We just recently heard the term “reducetarianism” for the first time, and we like it. It’s about reducing the amount of meat and meat products you eat for environmental reasons, and we find it particularly compelling. Realistically, in our house, we’re not about to give up meat entirely, but we’re attracted to the idea of using a wider variety of grains, legumes, and vegetables where we would otherwise have used meat… especially if it means doing right by the environment.

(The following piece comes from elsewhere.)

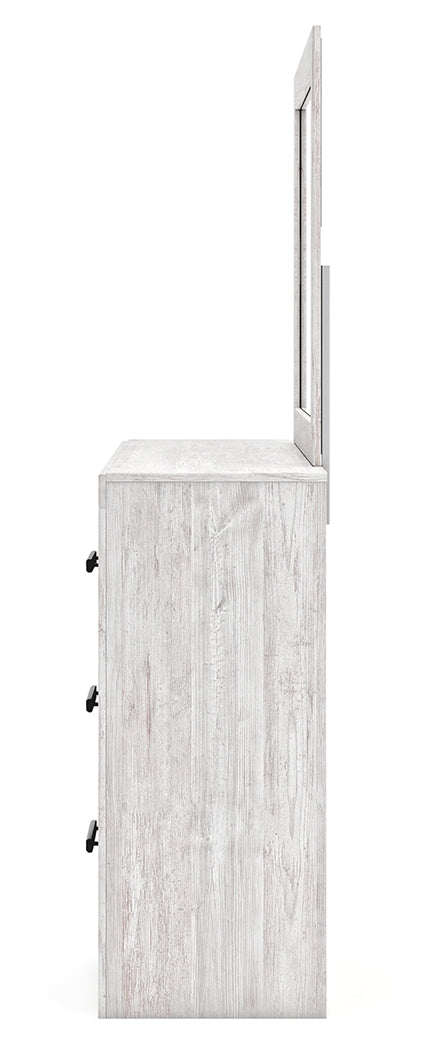 Cayboni Whitewash Full Panel Bedroom Set with Dresser, Mirror and Nightstand - Ornate Home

And here’s the good news: If you decide you want to live like a reducetarian, you don’t have to give up hearty comfort foods. Case in point: This turkey quinoa chili, which we recently made and posted on our Instagram. We hadn’t cooked it with the idea of blogging about it, but it turned out so well we wanted to write it down. It uses about half as much turkey as we would have used, and substitutes quinoa for the rest. So yes, there’s less meat, but it’s still rich, warm, filling, and tasty. Note: Make sure you add uncooked quinoa; it absorbs the liquid as it cooks.
- 1 T. olive oil
- 1 pound ground turkey
- 1 onion, peeled and chopped
- 2 carrots, sliced
- 2 ribs celery, chopped
- 1 9-ounce package Melissa's steamed kidney beans
- 1 9-ounce package Melissa's steamed steamed garbanzo beans
- 1 cup uncooked quinoa
- 1 14.5-ounce can diced or crushed tomatoes
- 2 cups chicken or vegetable broth
- 2 T. chili powder
- 1 tsp. cumin
- ½ tsp. salt
- Grated cheese and cilantro for garnish (optional)
- In a large skillet, heat the olive oil over medium to medium-high heat. Add the ground turkey and heat through, stirring frequently, until evenly cooked, Add the onion, carrots, and celery and continue stirring and cooking until the onions are just barely translucent.
- Place the turkey-vegetable mixture in a slow cooker. Add the tomatoes, vegetable broth, quinoa, and spices and stir to combine. Cook on low heat for 5 to 8 hours. Serve warm, garnished with grated cheddar cheese and cilantro. Serves 6 to 8.
Anyone else heard of reducetarianism? If you were to cut back your family’s meat consumption, where would you start?